§ Problem description
With the pictures left out, write out exactly the lines of the listing below that run from the line with "1630 Meadowood St, Sarasota, FL" through the line with "QR code for KCS038".

§ Information provided
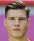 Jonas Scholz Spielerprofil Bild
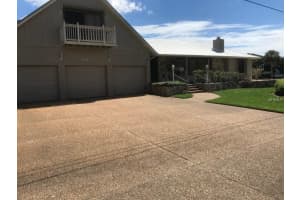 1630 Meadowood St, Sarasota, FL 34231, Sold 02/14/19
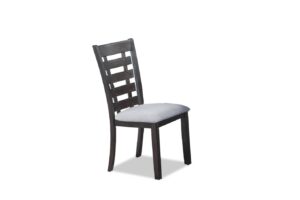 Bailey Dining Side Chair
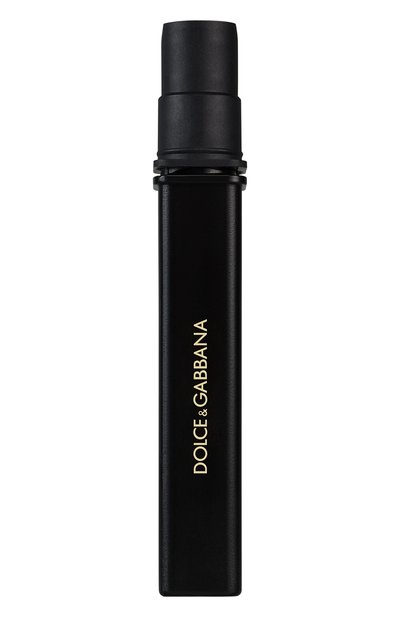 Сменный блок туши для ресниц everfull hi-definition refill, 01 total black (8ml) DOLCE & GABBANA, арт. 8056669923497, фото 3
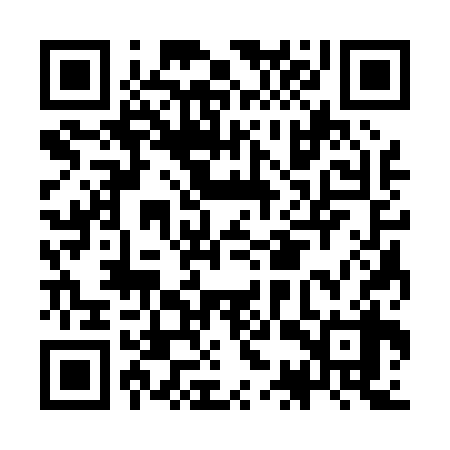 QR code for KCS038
--
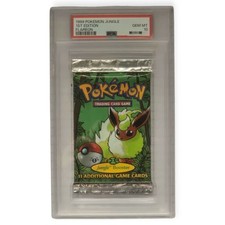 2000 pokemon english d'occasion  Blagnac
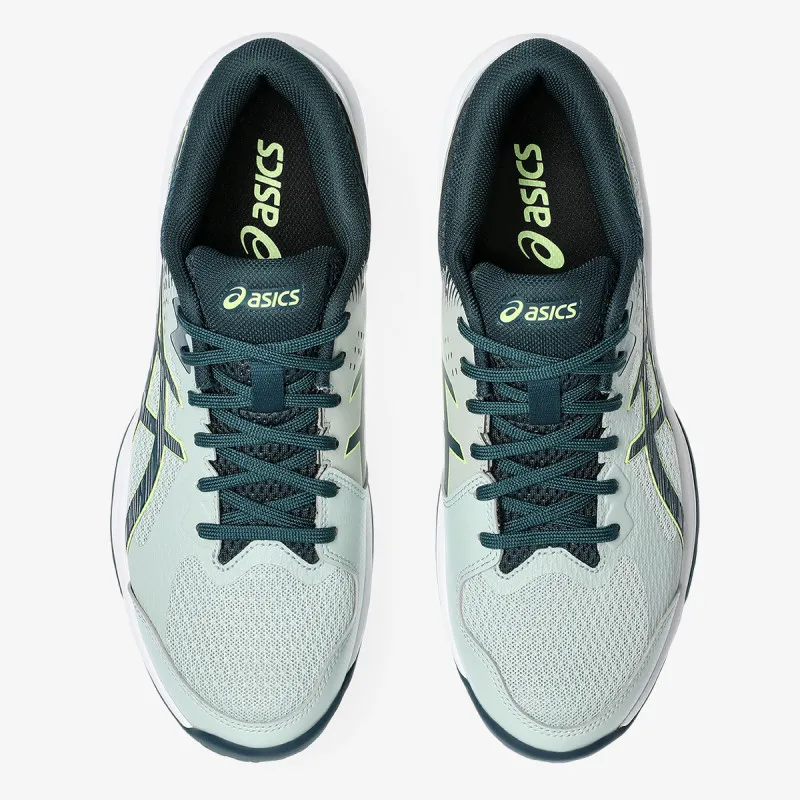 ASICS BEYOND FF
--
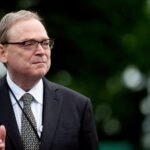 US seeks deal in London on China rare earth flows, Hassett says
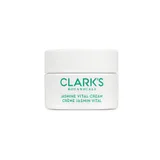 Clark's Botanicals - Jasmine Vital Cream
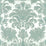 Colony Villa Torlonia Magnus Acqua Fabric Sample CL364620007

§ Written solution
 1630 Meadowood St, Sarasota, FL 34231, Sold 02/14/19
 Bailey Dining Side Chair
 Сменный блок туши для ресниц everfull hi-definition refill, 01 total black (8ml) DOLCE & GABBANA, арт. 8056669923497, фото 3
 QR code for KCS038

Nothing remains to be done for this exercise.